Fausse application déployée par le fabricant de logiciels espions du gouvernement

L’entreprise a identifié l’application frauduleuse et a pris des mesures en déconnectant les utilisateurs concernés de leurs comptes. Les personnes informées ont été averties des risques associés aux clients non officiels et encouragées à télécharger l’application WhatsApp légitime. La porte-parole de WhatsApp, Margarita Franklin, a déclaré que la société ne pouvait pas divulguer davantage de détails sur les utilisateurs ciblés, par exemple s’il s’agissait de journalistes ou de membres de la société civile.

Tactiques de surveillance établies

Cet incident n’est pas isolé ; Les autorités italiennes ont l’habitude d’utiliser de fausses applications pour effectuer des opérations de surveillance. Les fournisseurs de téléphonie mobile collaborent parfois en envoyant des liens de phishing aux clients à la demande des forces de l’ordre. SIO opère à travers sa filiale ASIGINT, développant un logiciel espion gouvernemental sous le nom de Spyrtacus, comme l’ont révélé des enquêtes précédentes de TechCrunch.

Incidents antérieurs et poursuites judiciaires

L’année dernière, WhatsApp avait déjà alerté 90 utilisateurs ciblés par un logiciel espion créé par Paragon Solutions, une autre société de technologie de surveillance.

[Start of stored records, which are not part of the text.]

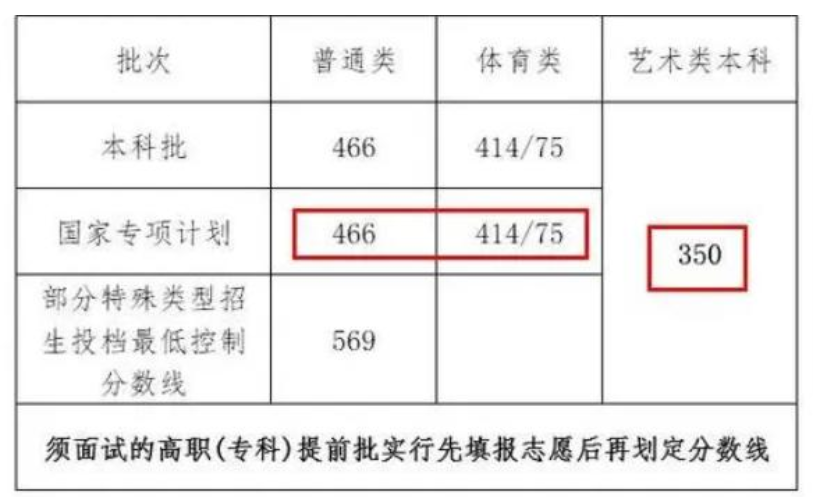 2022高考新消息，考生最多可降低148分被录取？符合要求就有机会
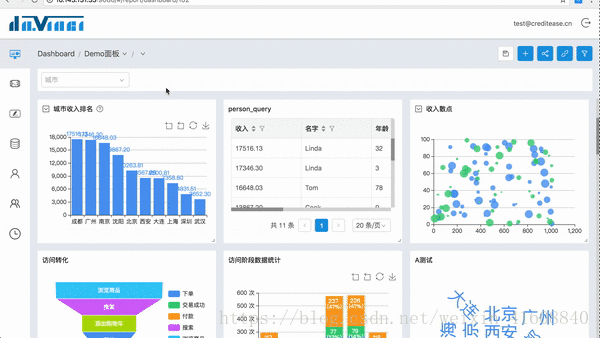 这里写图片描述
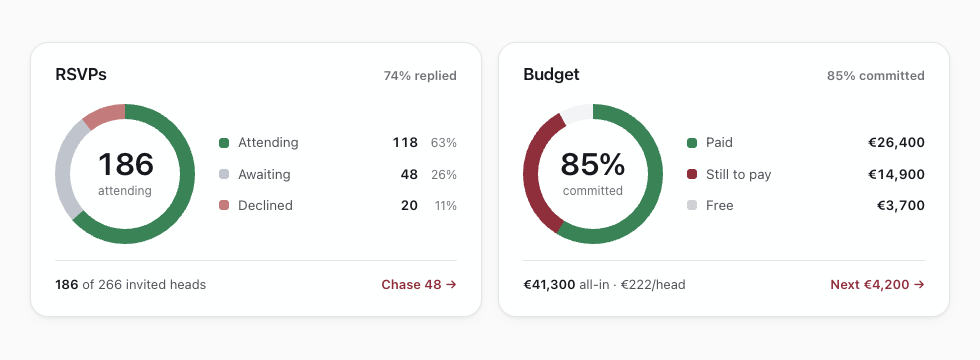 Budget rings showing paid and scheduled amounts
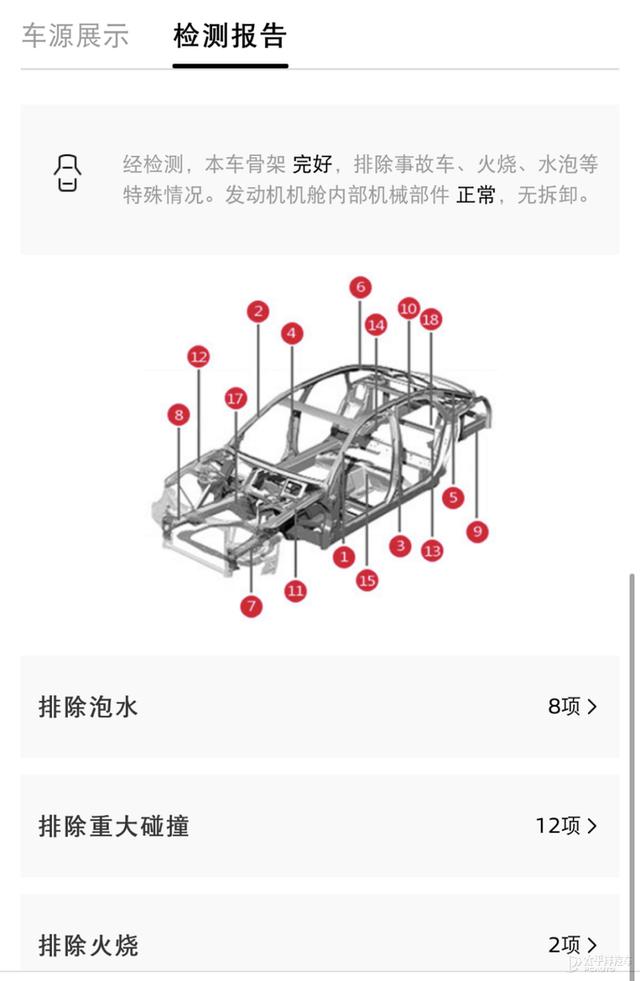 买二手车哪个平台最好（买二手车哪个网站好）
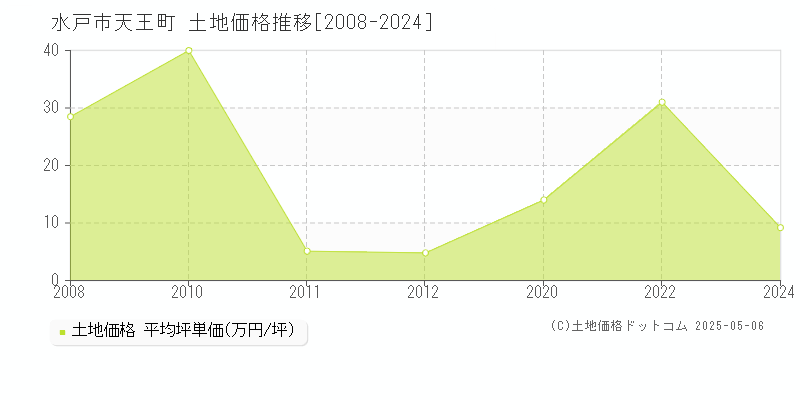 天王町(水戸市)の土地価格推移グラフ(坪単価)[2008-2024年]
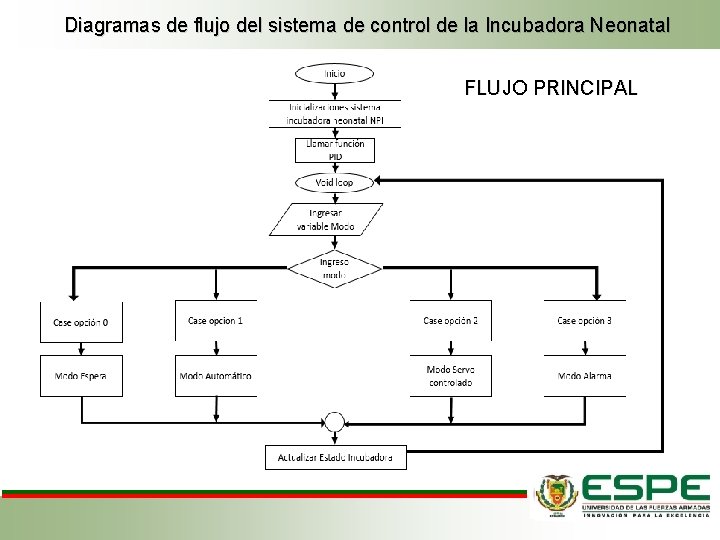 Diagramas de flujo del sistema de control de la Incubadora Neonatal FLUJO PRINCIPAL 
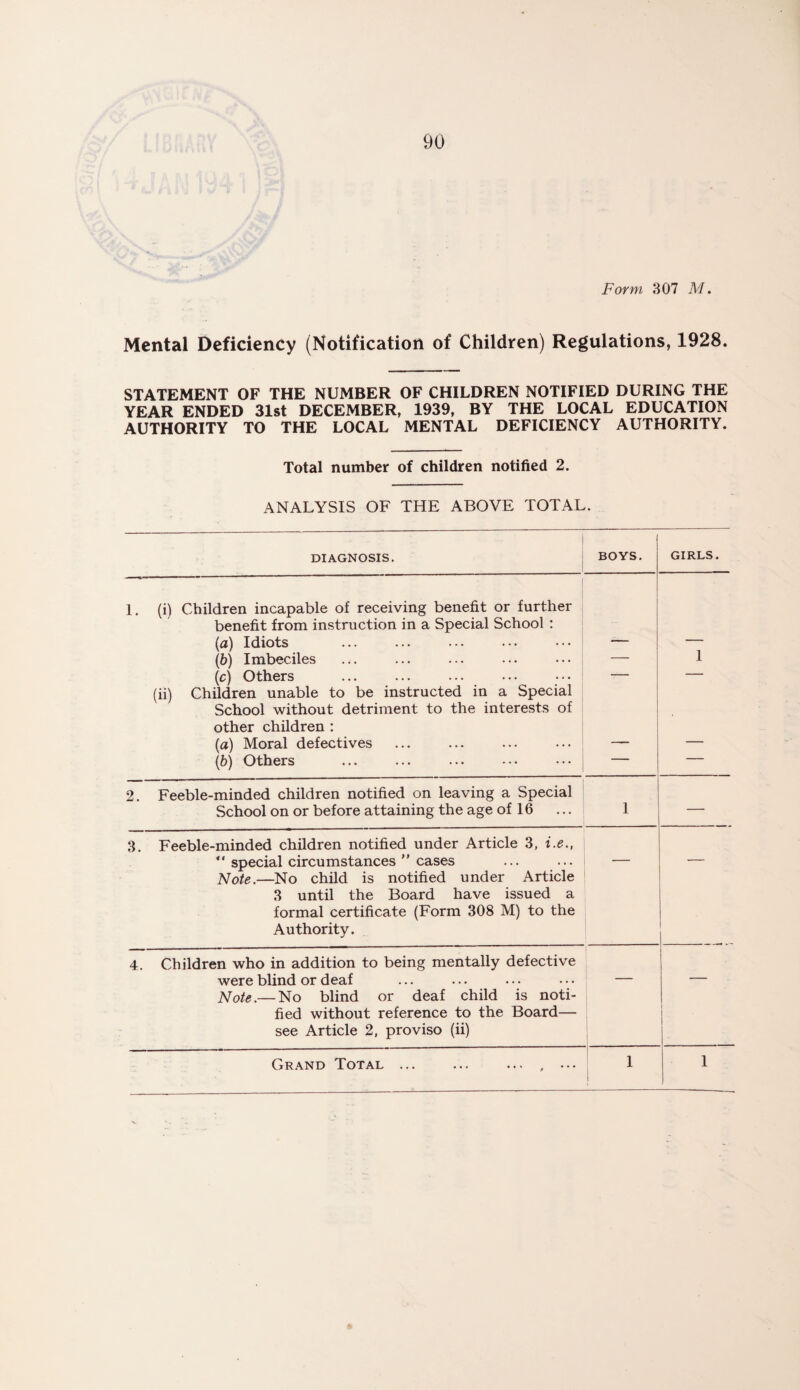 Form 807 M. Mental Deficiency (Notification of Children) Regulations, 1928. STATEMENT OF THE NUMBER OF CHILDREN NOTIFIED DURING THE YEAR ENDED 31st DECEMBER, 1939, BY THE LOCAL EDUCATION AUTHORITY TO THE LOCAL MENTAL DEFICIENCY AUTHORITY. Total number of children notified 2. ANALYSIS OF THE ABOVE TOTAL. DIAGNOSIS. i BOVS. GIRLS. 1. (i) Children incapable of receiving benefit or further benefit from instruction in a Special School : (a) Idiots (b) Imbeciles (c) Others (ii) Children unable to be instructed in a Special School without detriment to the interests of other children : (a) Moral defectives (b) Others 1 2. Feeble-minded children notified on leaving a Special School on or before attaining the age of 16 1 — 3. Feeble-minded children notified under Article 3, i.e., “ special circumstances ” cases Note.—No child is notified under Article 3 until the Board have issued a formal certificate (Form 308 M) to the Authority. — — 4. Children who in addition to being mentally defective were blind or deaf Note.— No blind or deaf child is noti¬ fied without reference to the Board— see Article 2, proviso (ii) 1 Grand Total ... ... ... , ... 1 1 1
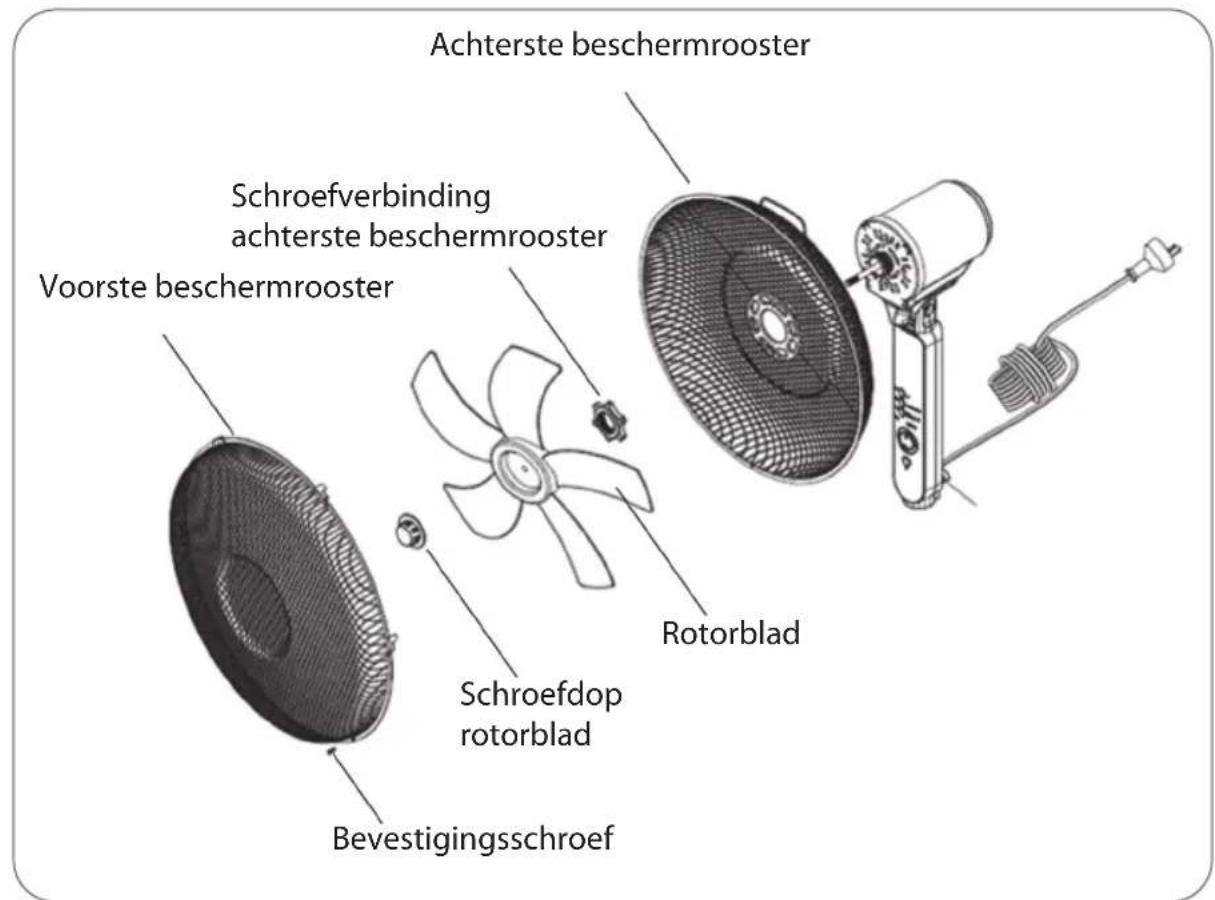 Ambiano GT-SF-VT-01 - Montage van ventilatorwiel en beschermroosters - 2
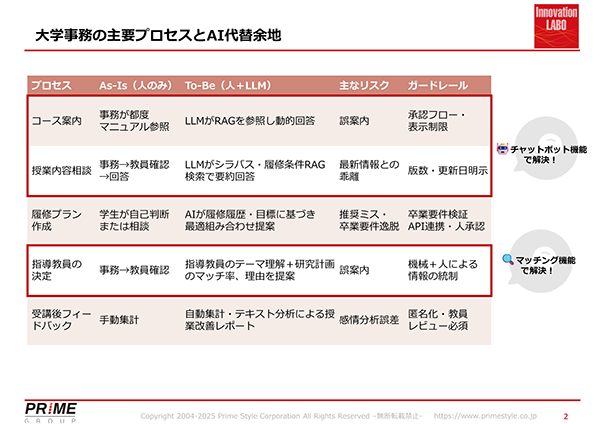 次世代AIアシスタントツール - 01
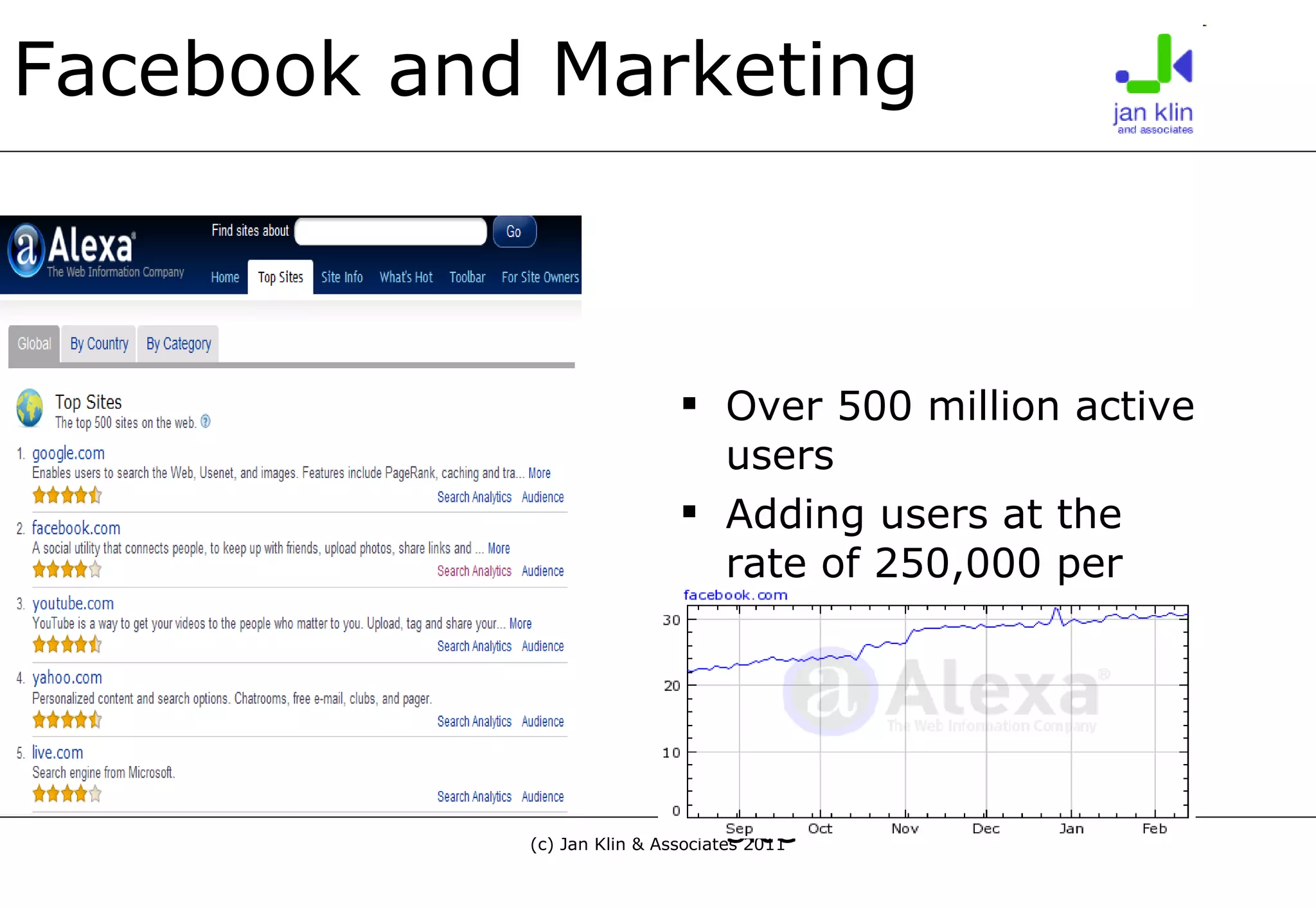 Facebook and Marketing Over 500 million active users Adding users at the rate of 250,000 per day Top Social Search Engine Largest Social media site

Les utilisateurs concernés comprenaient des journalistes et des militants pro-immigration. En réponse à la dernière violation, WhatsApp prévoit d’engager une action en justice contre SIO pour mettre fin à de nouvelles activités malveillantes.

L’incident souligne la menace persistante d’une surveillance soutenue par le gouvernement via une distribution de logiciels trompeurs. Ni Apple ni SIO n’ont pour l’instant répondu aux demandes de commentaires, soulignant le manque de transparence entourant ces opérations.

Cela démontre à quel point les utilisateurs peuvent facilement être compromis par de fausses applications, en particulier lorsque les gouvernements et les entreprises privées collaborent pour contourner les mesures de sécurité.